- _WORK REQUIRED_
Make an exact copy of the lines from the one containing "最新動態：烏克蘭獨立31周年 英首相突現身基輔 拜登宣布近30億美元援烏" through the end of the material, including both ends but no pictures.

[THE RECORDS Boundary: Start]

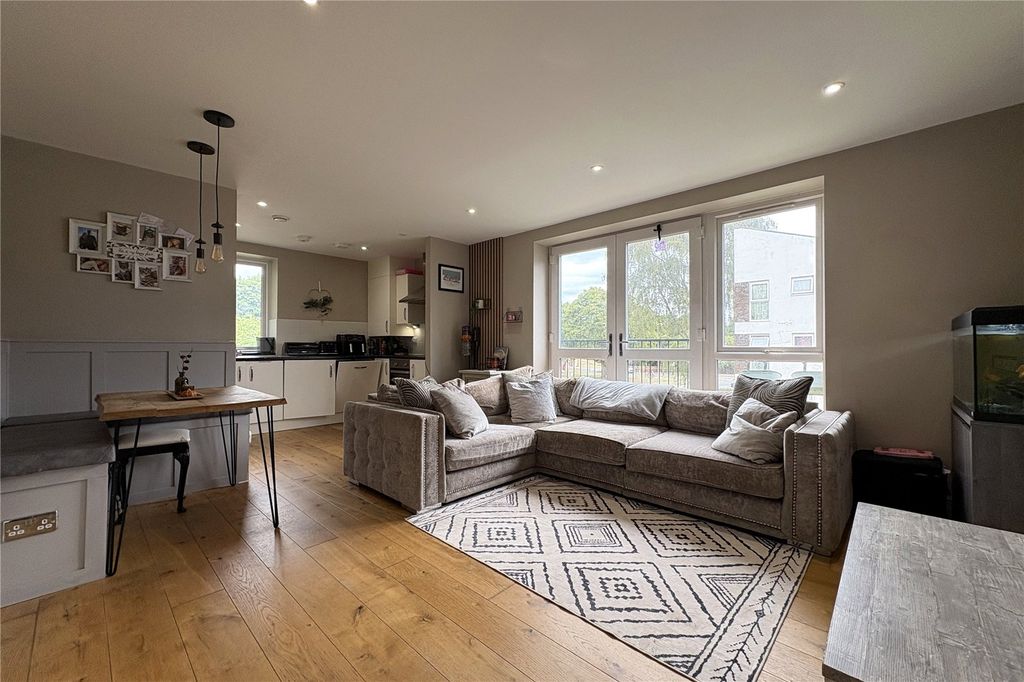 Property photo 2 of 10 Picture No. 08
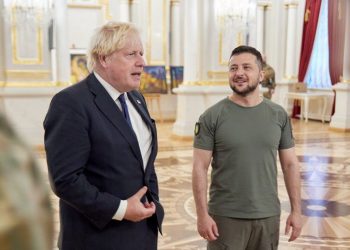 最新動態：烏克蘭獨立31周年 英首相突現身基輔 拜登宣布近30億美元援烏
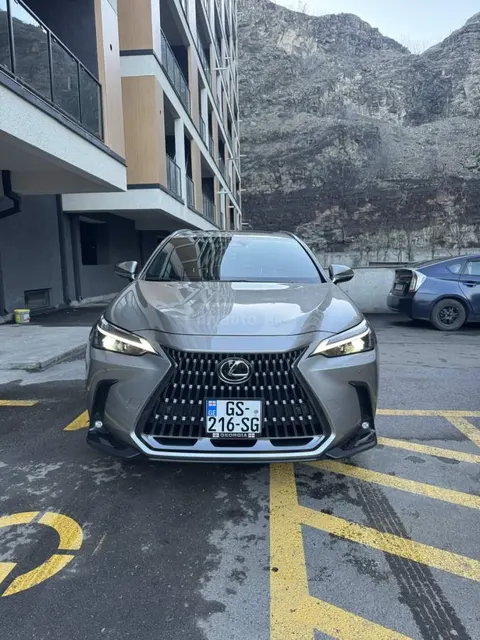 Lexus NX 350 2024 купить в Москве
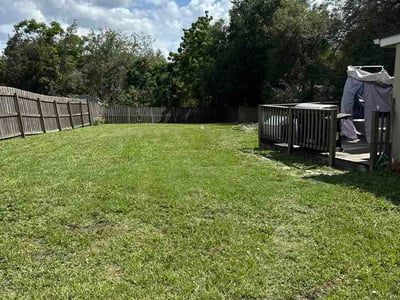 Lawn care service in Deltona, 32725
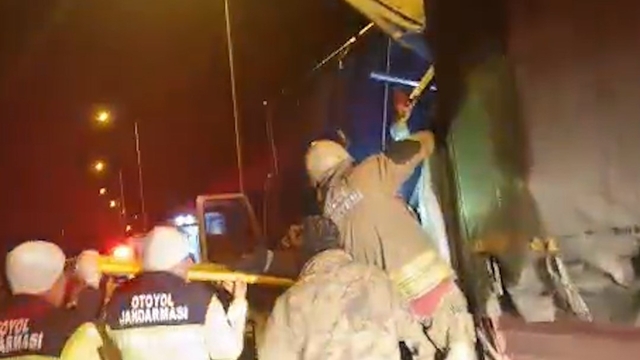 TEM'de kamyonlar çarpıştı: 1 ölü, 1 yaralı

[THE RECORDS Boundary: End]

- _EXERCISE SOLUTION_
 最新動態：烏克蘭獨立31周年 英首相突現身基輔 拜登宣布近30億美元援烏
 Lexus NX 350 2024 купить в Москве
 Lawn care service in Deltona, 32725
 TEM'de kamyonlar çarpıştı: 1 ölü, 1 yaralı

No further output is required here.